■ **Task to complete**:
Write each line out exactly, from the one containing "Casa à venda com 334m², 4 quartos e 2 vagas" through the final line of the data, and keep pictures out of the copy.

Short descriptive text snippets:
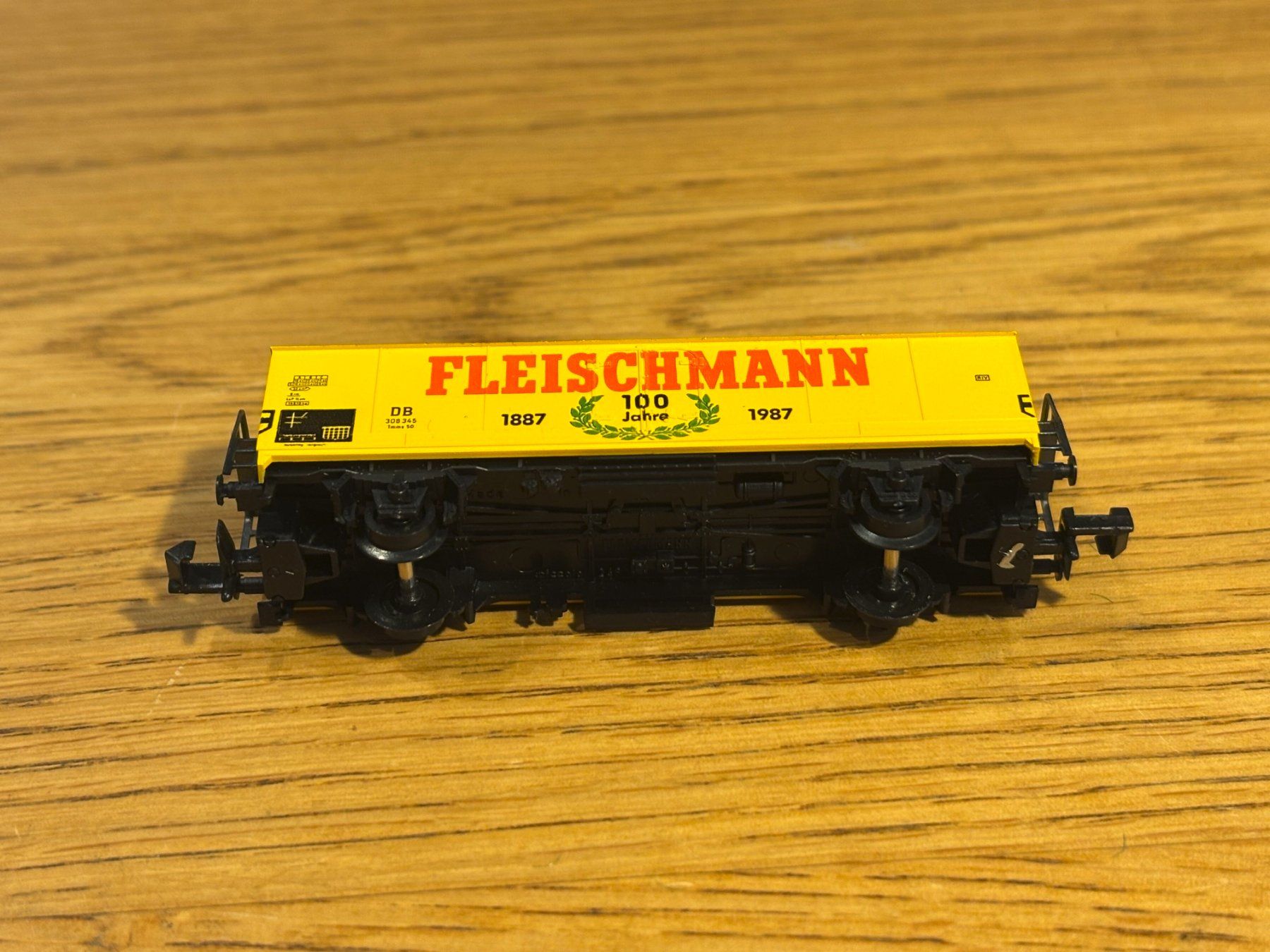 Modellini di ferrovie: e1657: Güterwagen (Spur N) – Usato da Birsfelden venduto da Birs_25 4
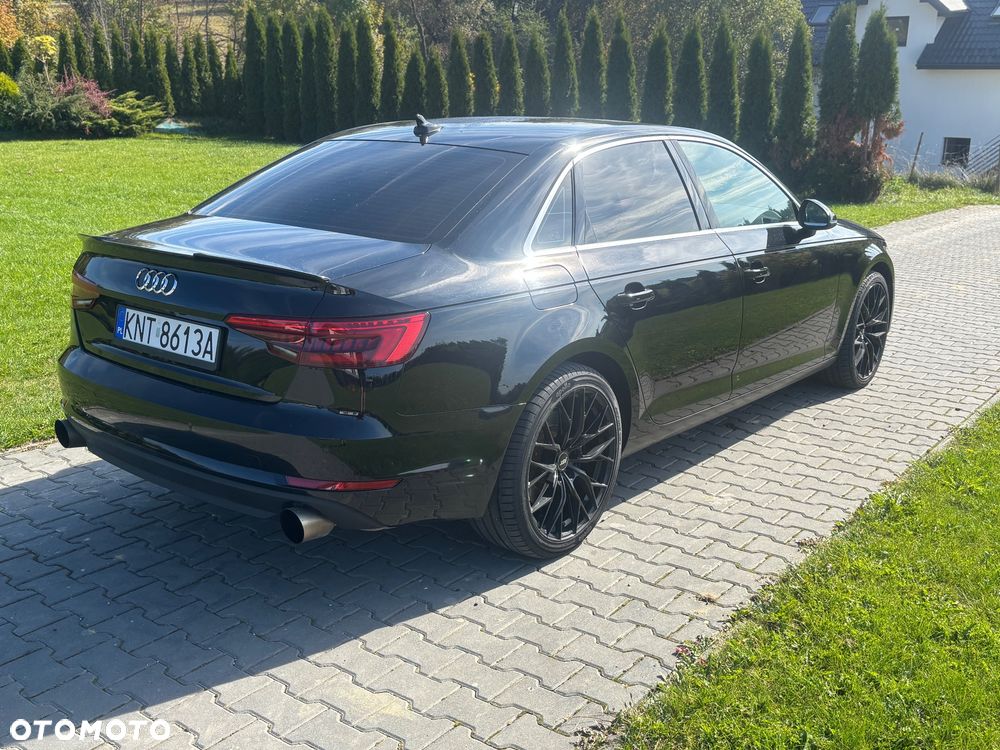 Audi A4 Limousine - 3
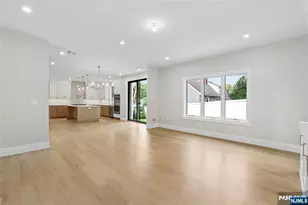 367 Johnson Ave, Teaneck Township, NJ 07666 - Photo 17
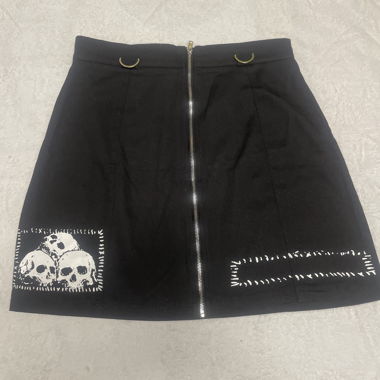 Jupe courte noire avec imprimé de crânes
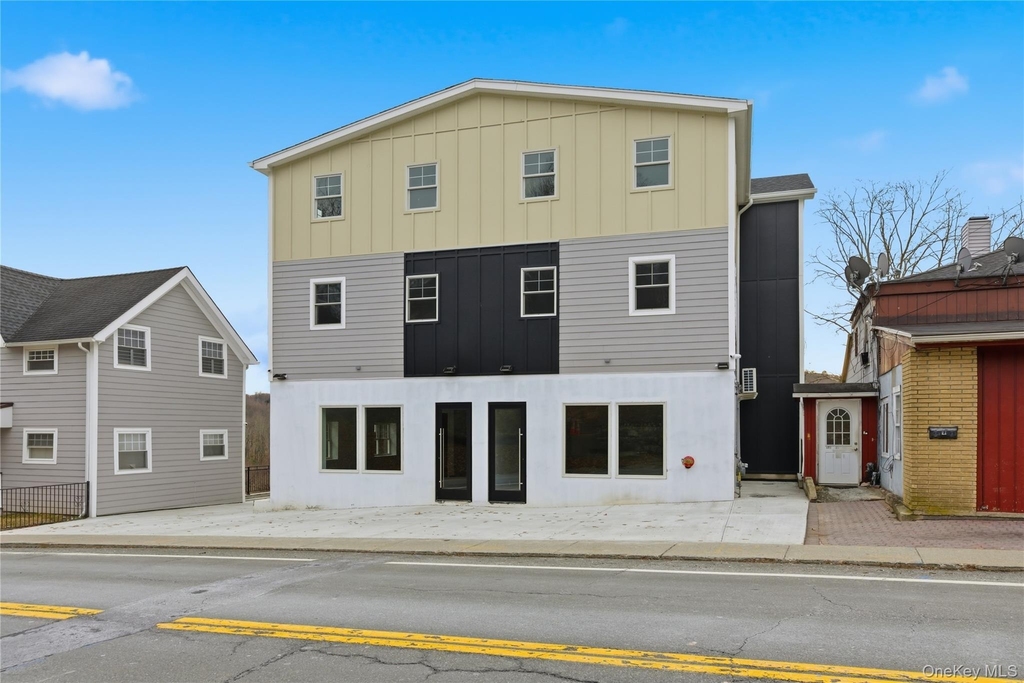 99 Main Street - Photo 8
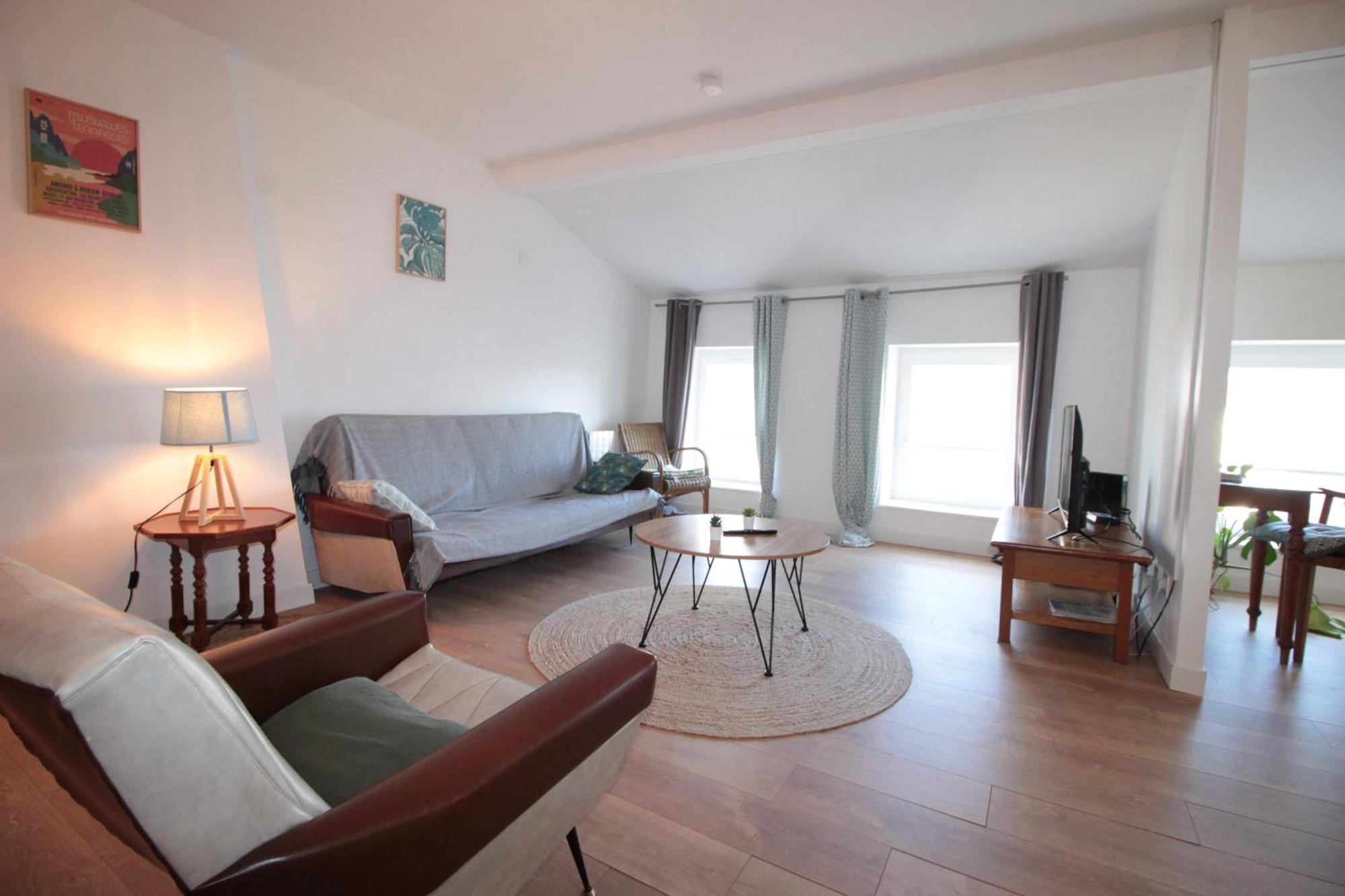 Logement Neuf "Meuse" - Hyper Centre - Parking Proche - Proche Gare - 4 Chambres - Terrasse Couverte - Wifi ! Gere Par Prestazen'Services Verdun-sur-Meuse Eksteriør bilde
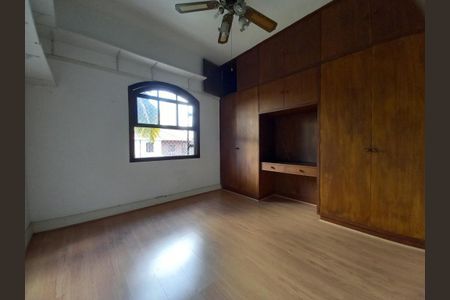 Casa à venda com 334m², 4 quartos e 2 vagas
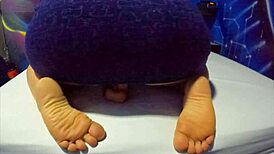 milf feels deep pleasure masturbating with big dildo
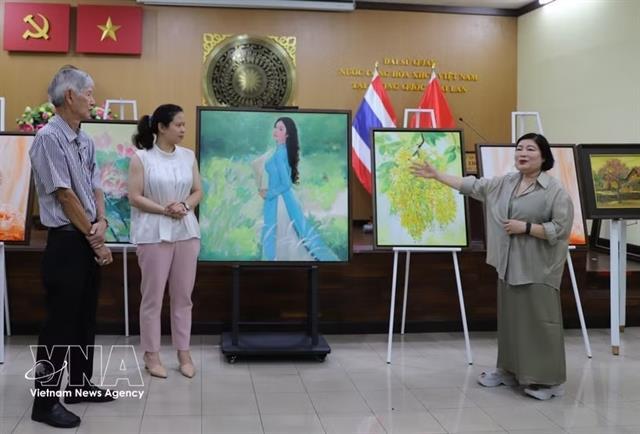 Art exchange strengthens Việt Nam-Thailand cultural ties


■ **Answer to the problem**:
 Casa à venda com 334m², 4 quartos e 2 vagas
 milf feels deep pleasure masturbating with big dildo
 Art exchange strengthens Việt Nam-Thailand cultural ties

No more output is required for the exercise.